■ **Problem to work on**
For this exercise, repeat the whole listing below exactly. Leave the pictures out.

■ **Given data**
++++++

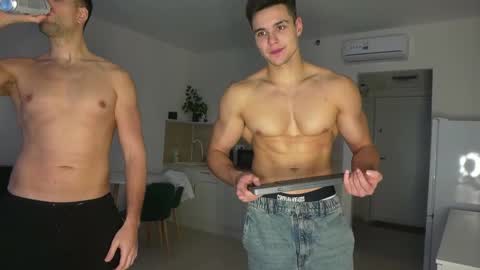 Snapshot of horny_goats chatting on 12/16/25, 12:54 Extaz Athrey Howard online show from 12/16/25, 12:54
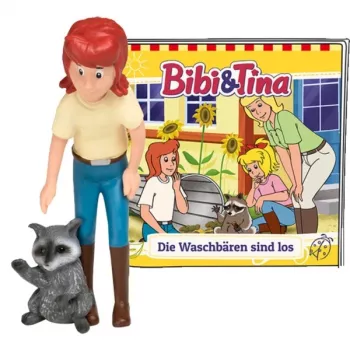 Spieluhr-Figur Tonies 01-0114 — 9 Melodien, ab 6 Jahren, mehrfarbig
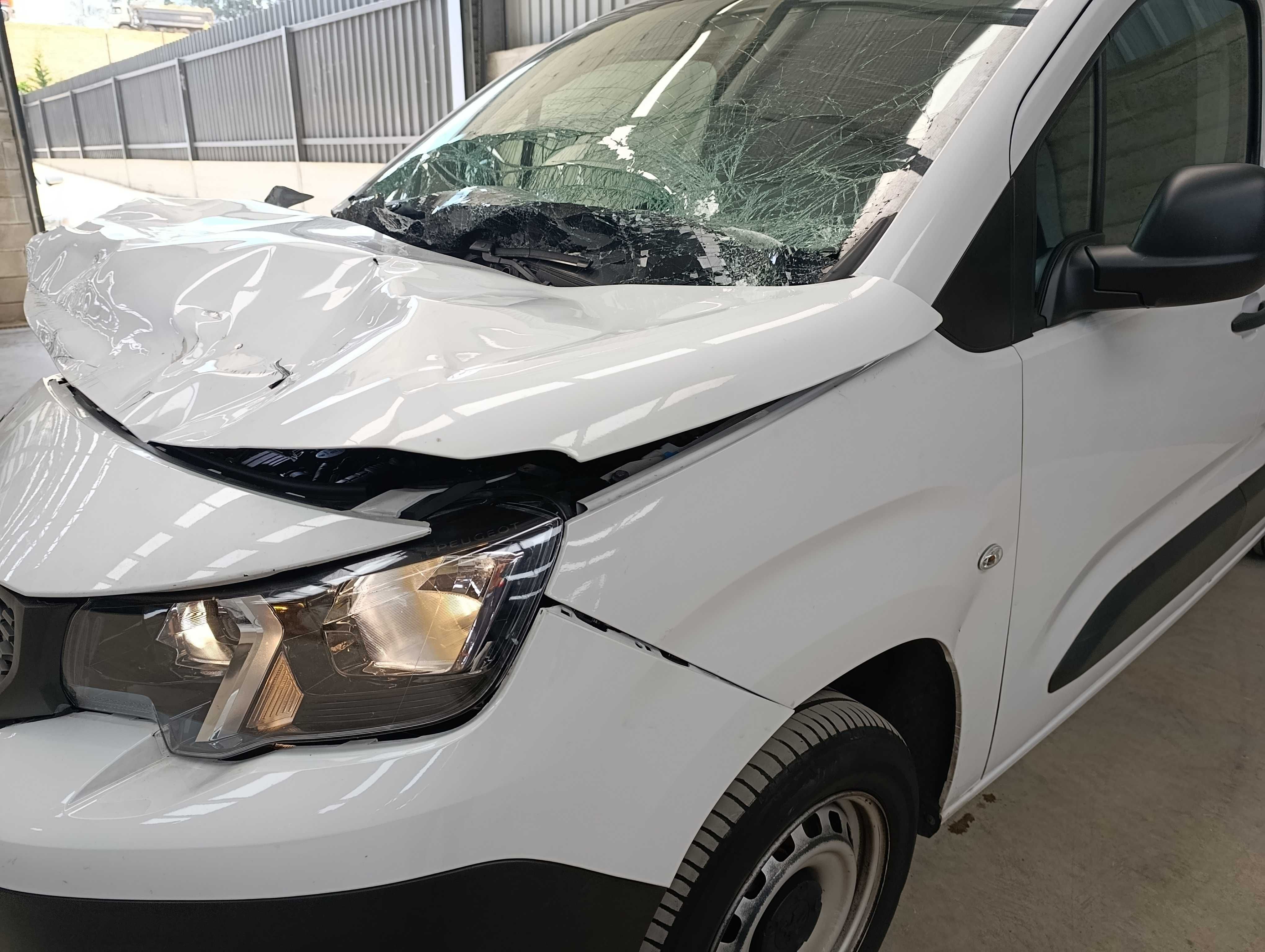 Peugeot Partner 1.5 BlueHDi 100cv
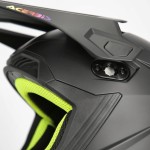 Casco Acerbis Whoops Black - Micasco.es - Tu tienda de cascos de moto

++++++

■ **Result**
 Snapshot of horny_goats chatting on 12/16/25, 12:54 Extaz Athrey Howard online show from 12/16/25, 12:54
 Spieluhr-Figur Tonies 01-0114 — 9 Melodien, ab 6 Jahren, mehrfarbig
 Peugeot Partner 1.5 BlueHDi 100cv
 Casco Acerbis Whoops Black - Micasco.es - Tu tienda de cascos de moto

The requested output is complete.